By LUIS GONZALEZ
ESPN’s MegaCast for the College Football National Championship remains the new standard for coverage for live-event programming.
With the use of multiple looks the same event, the audience gets its choice of preferred way to watch the game.
The traditional broadcast was on ESPN with Kirk Herbstreit, Chris Fowler, Samantha Ponder, and Tom Rindali constituting a formidable group.
Coach’s Room, arguably their best broadcast of the night, featured a host from ESPN and head coaches from around college football.
This year’s roster included Dino Barbers (Syracuse), Mike MacIntyre (Colorado), Kalani Sitake (Brigham Young), Steve Addazio (Boston College) and Dave Doeren (North Carolina State). The slight jabs from conference rivals were overshadowed by behind-the-scenes glimpses and eloquent analysis.
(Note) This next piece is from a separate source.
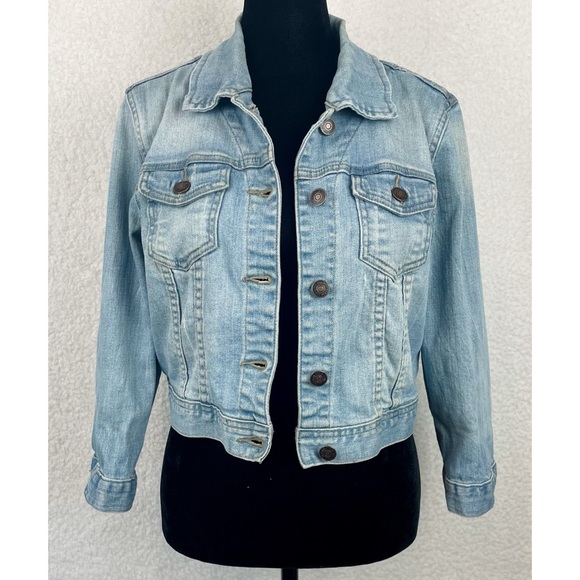 FOREVER 21 • Light Wash Distressed Denim Jacket - Picture 2 of 14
Although difficult at times for the host to go to break because of the discussion, it still remained ESPN’s best broadcast of the night.
Coach’s Film Room brought a unique element for viewers that do not get to see a game closer than the nosebleeds. They also provide more in-depth analysis that a play-by-play or color commentator simply cannot provide.
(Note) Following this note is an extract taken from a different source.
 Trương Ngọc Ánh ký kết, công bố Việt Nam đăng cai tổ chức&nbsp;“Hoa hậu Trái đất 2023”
But can it grow into a primary broadcast? No.
However, most of the games that get the Coach’s Film Room treatment are ones that you usually view socially. The feeling of watching a game with rival fans, with your favorite bar buddies or fantasy sports buddies will not fade. Ultimately the inefficiency of the Coach’s Room is one that is enjoyed by the sports nerd relaxing and watching the game, not while you’re trying to order your next drink.
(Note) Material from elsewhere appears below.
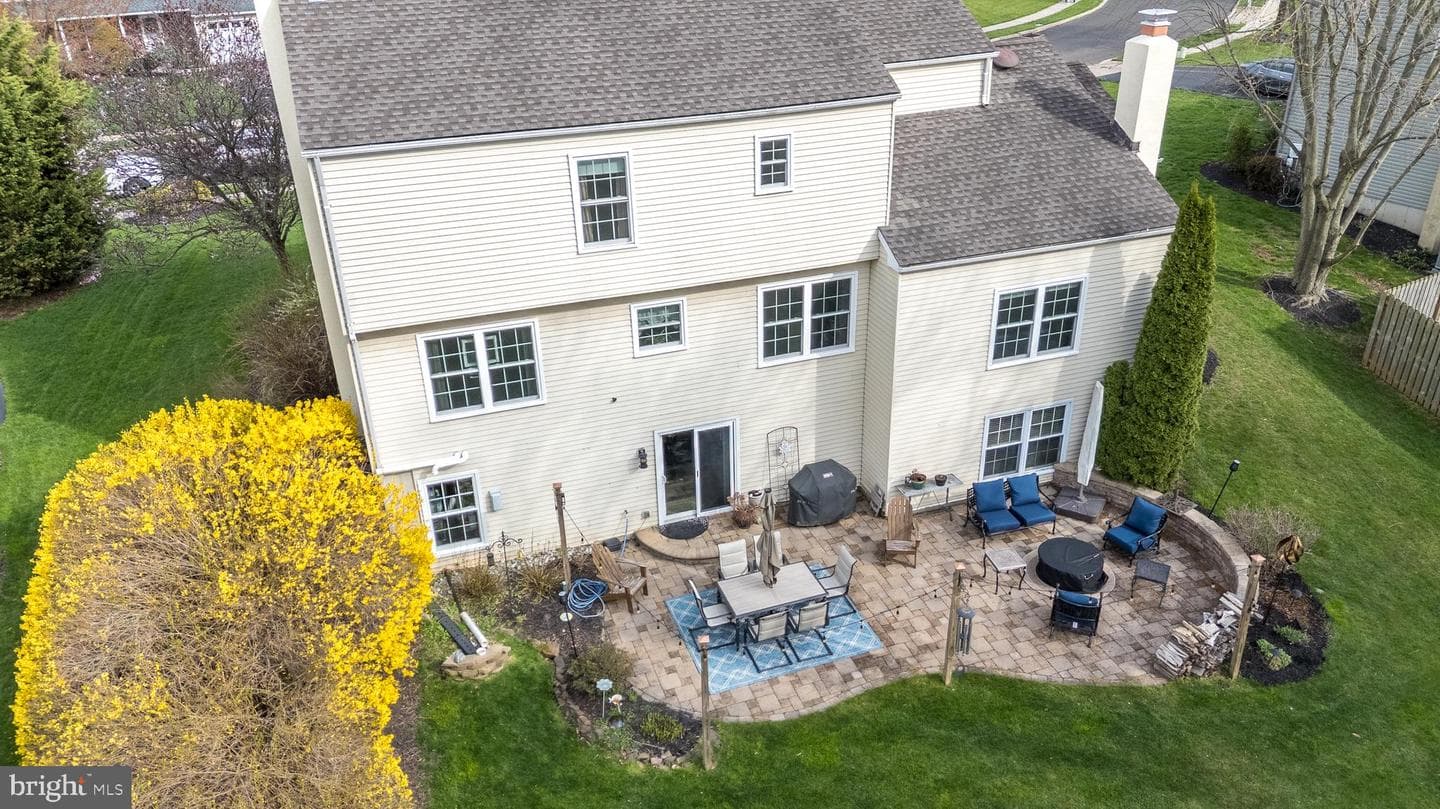 109 Pioneer Drive photo 36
Former Clemson Quarterback Tahj Boyd and former Alabama Offensive Lineman Barret Jones joined ESPN’s Joe Jessitore and Adam Amin for the Homers Broadcast on ESPN 2. Viewers get a unique look at the two football programs by listening to recent alumni of the two programs.
A cast featuring an eccentric Bill Walton, Michelle Beadle, Marcellus Wiley, Jay Bilas and Rachel Nichols were on ESPN U for the ESPN Voices Broadcast. Aiming towards seeing what it is like to sit down with the personalities and just watch a game with them, got out of hand several times.
ESPN Classics ran Sounds of the Game where the game was being shown, but with no play-by-play or commentary.
Giving a preview of what it’s like being a producer, ESPN’s Goal Line channel ran the Command Center broadcast, featuring split screen shots of different angles that ESPN in the stadium, along with advanced statistics and charts displaying information of the current drive.